Menurut Mbak Cup, salah satu penjahit Ibu di masa baheula yang masih bersilaturahim dengan keluarga kami dan masih menerima jahitan, baju overslag itu mudah dibuat karena pola tengah badan tinggal ditarik mengikuti bentuk overslag yang diinginkan.

Saat kami sekeluarga membongkar baju Ibu kembali di tahun 2023 ini, untuk memulai proyek sajadah, daster overslag Ibu sudah tidak ada. Mungkin setelah Ibu wafat, baju daster itu yang paling mudah diwariskan kepada orang lain, sehingga tidak bersisa.

Sajadah Overslag

Kisah daster overslag menjadi inspirasi desain sajadah yang saya buat dari baju Ibu. Pada sajadah itu ada garis diagonal dari kiri ke kanan (saya membayangkan sajadah itu berhadapan dengan kita).

Saya memakai teknik bernama faux chenille (bulu palsu) untuk sajadah ini. Teknik ini dibuat dengan mengeluarkan serat kain. Baju-baju Ibu dari bahan yang licin, sehingga ketika serat dikeluarkan akan muncul tekstur yang halus.

Teknik ini saya pelajari dari Ibu Hana dari Threadapeutic. Yang lucu, saya sudah pernah membeli karya beliau pada pameran Climate Exchange di JCC tahun 2016. Ketika belajar chenille, saya bawa tas goni yang sudah usang itu. Bu Hana tampak bahagia melihat “anaknya”. Beliau bersedia memperbaiki bagian yang sobek.

Saya belajar teknik dasar faux chenille pada Bu Hana. Selanjtnya ya praktik dan praktik. Di samping itu, saya memakai buku  New Directions in Chenille   sebagai acuan.

Palet Warna

Kami sekeluarga tahu bahwa warna kesukaan Ibu adalah ungu. Saya pun ingin menjadikan ungu sebagai warna utama. Namun saya merasa tidak nyaman dengan paduan warna yang muncul. . Bagian ungu saya dedel dan ganti dengan warna turqoise muda. Saya memilih warna ini karena menurut color wheel, warna yang berkomplementer dengan maron adalah turqoise.

Pada bagian bawah (kira-kira sepertiga bagian kain), diberi warna hijau turqoise motif bunga. Turqoise muda diambil dari vuring supaya ada tempat istirahat mata.

Barang Bagus

“Barang bagus” adalah sebutan saya untuk barang tidak terpakai. Saya tidak mau menggunakan istilah “barang bekas”, karena berkesan negatif. Dalam proyek sajadah ini sebisa mungkin saya gunakan barang bagus.
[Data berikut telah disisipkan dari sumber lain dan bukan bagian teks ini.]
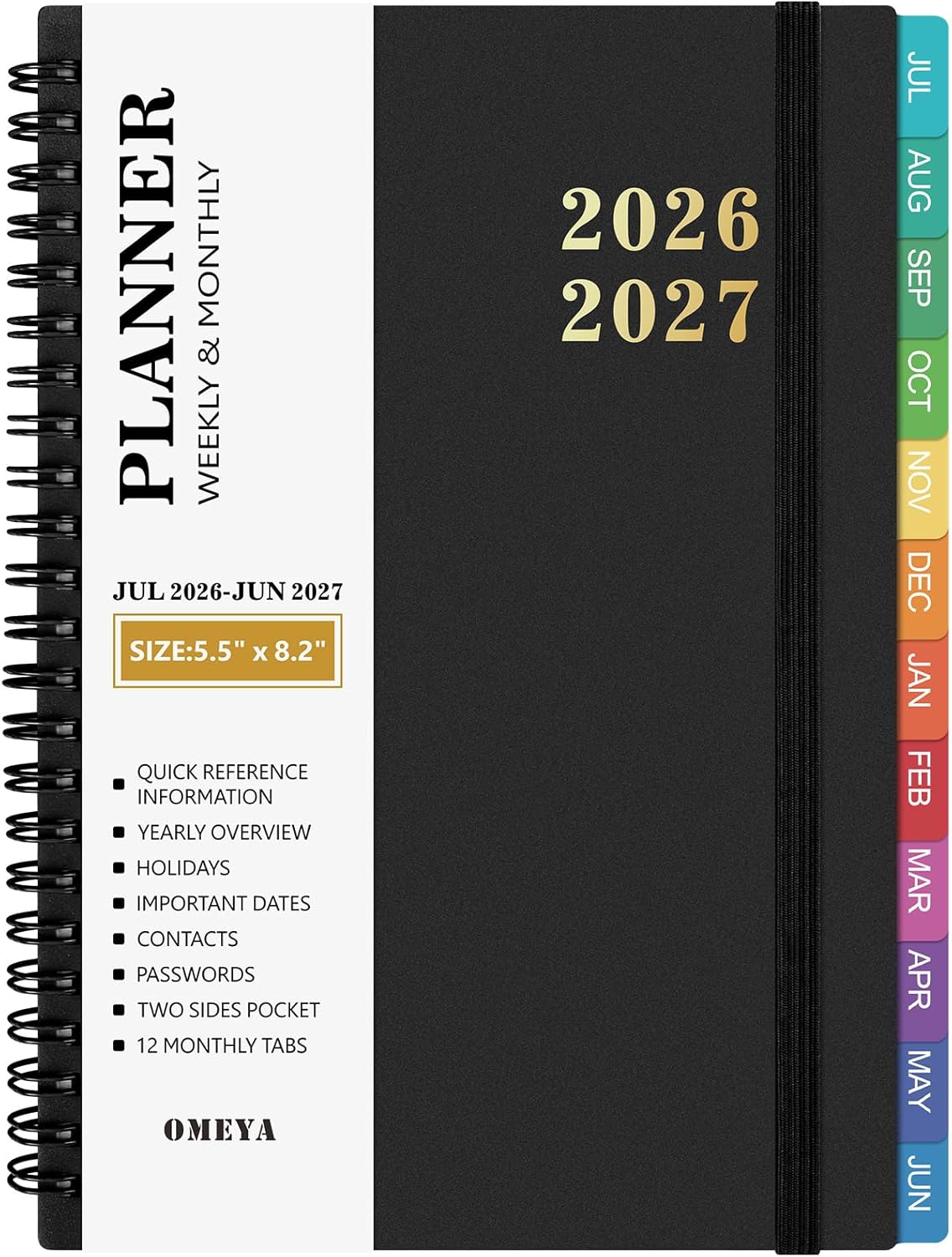 2026 Planner – 2026 Planner Weekly and Monthly: Jan. 2026 - Dec. 2026, 5.5" x 8.2", 2026 Calendar Planner with Monthly Tabs, Flexible Cover, Thick Paper, Inner Pocket for School Office Supplies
Pendedelan ini mengakibatkan sambungan dengan chenille baru menjadi tidak rapi, sehingga saya perlu mengakali dengan memasang embelishment (hiasan).  Masalah hiasan ini juga bongkar pasang. Pita besar atau kecil? Turqoise atau maron? Pada akhirnya saya menetapkan untuk memasang pita turqoise bekas  untuk sambungan horisontal. Pada sambungan diagonal saya pasang manik mote warna maron.

Ya, bagian terlama dan tersulit dari proyek sajadah adalah menentukan warna, desain dan bahan yang dipakai. Ada kemungkinan juga di perjalanan, desain saya rombak lagi. Pada akhirnya saya menetapkan untuk memasang pita turqoise bekas  untuk sambungan horisontal. Pada sambungan diagonal saya pasang manik mote warna maron.

 

“Aku Pesen”

Mbak Sri, kakak sulung saya sudah naksir sajadah ini sejak awal. Kelak sajadah ini akan saya serahkan kepada beliau. Apalagi selama ini Mbak Sri adalah yang merawat barang-barang Ibu. Hari ini sajadah belum jadi karena saya ingin proses menjahit bisban dilakukan serempak bersama sajadah lain. Namun saya lega, bagian utama dari sajadah sudah terlihat.